Closed skrobinson closed 1 year ago
@JacobDomagala
I've pushed a rough draft of an entrypoint
translation from Bash to Python. Is this a direction you are interested in?
Hey, sorry for late reply, been kinda busy lately.
Are there any advantages of using Python instead of Bash for entrypoint?
Hey, sorry for late reply, been kinda busy lately.
No worries.
Are there any advantages of using Python instead of Bash for entrypoint?
The advantage I see is reducing the complexity of repeatedly crossing the shell boundary. The current flow is bash > python > bash > python.
Reducing the quantity of execs avoids some stdin/stdout format issues between Bash and Python, e.g. commit 126be5f8. Also, does the current API via the shell correctly handle filenames containing spaces?
A recurring pattern in the existing code is to save stdout to a temporary file to be read later (see commit cd07e30a). Python's subprocess.run
can save command output to a variable for later use in the same script.

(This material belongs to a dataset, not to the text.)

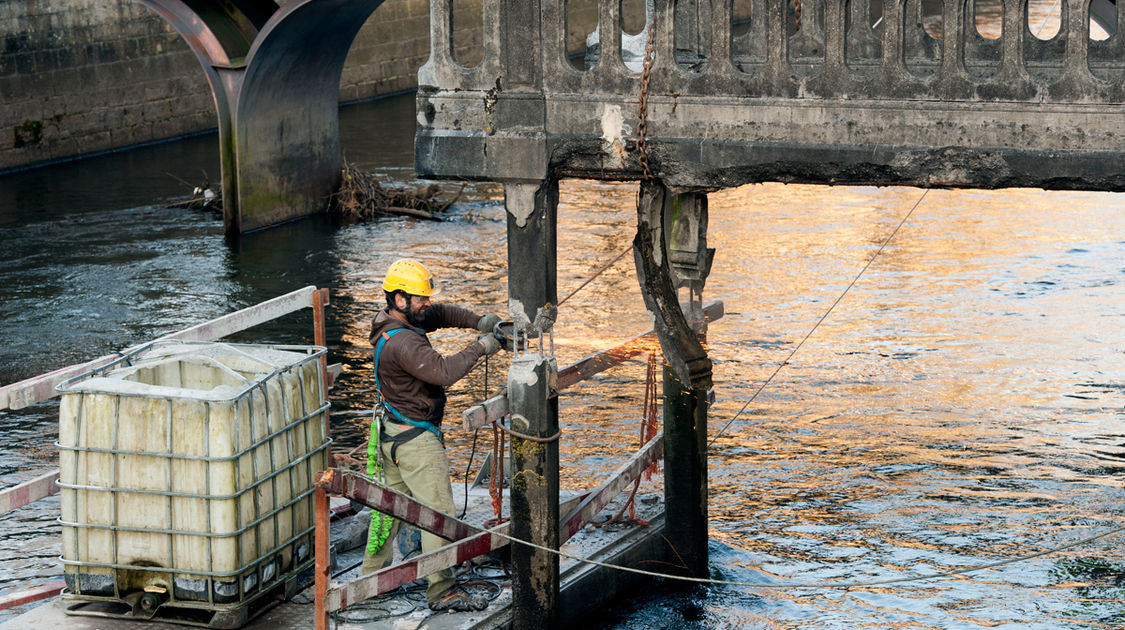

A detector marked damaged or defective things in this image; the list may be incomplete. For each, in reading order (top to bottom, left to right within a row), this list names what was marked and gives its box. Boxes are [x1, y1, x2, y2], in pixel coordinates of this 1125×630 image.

rusty chain hanging [634, 18, 657, 181] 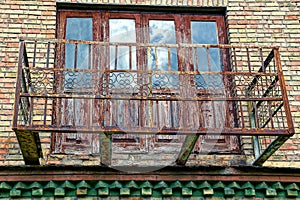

I left the subprocess calls to the two existing Python scripts, but the code in get_files_to_check.py
and run_static_analysis.py
could be moved into entrypoint.py
.
Optionally, git commands could be assumed into entrypoint.py
with pygit2
.
Ok, I like the idea of dealing only with Python environment. :+1:
Also, does the current API via the shell correctly handle filenames containing spaces?
That's a good question. I've never used names with spaces in my projects (that use this workflow).
I have not found the time to work more on this PR and likely won't have time before the end of the year. I'll close this PR but leave the branch in my tree if someone else wants to pick it up.
This is a translation to Python with minimal semantic changes.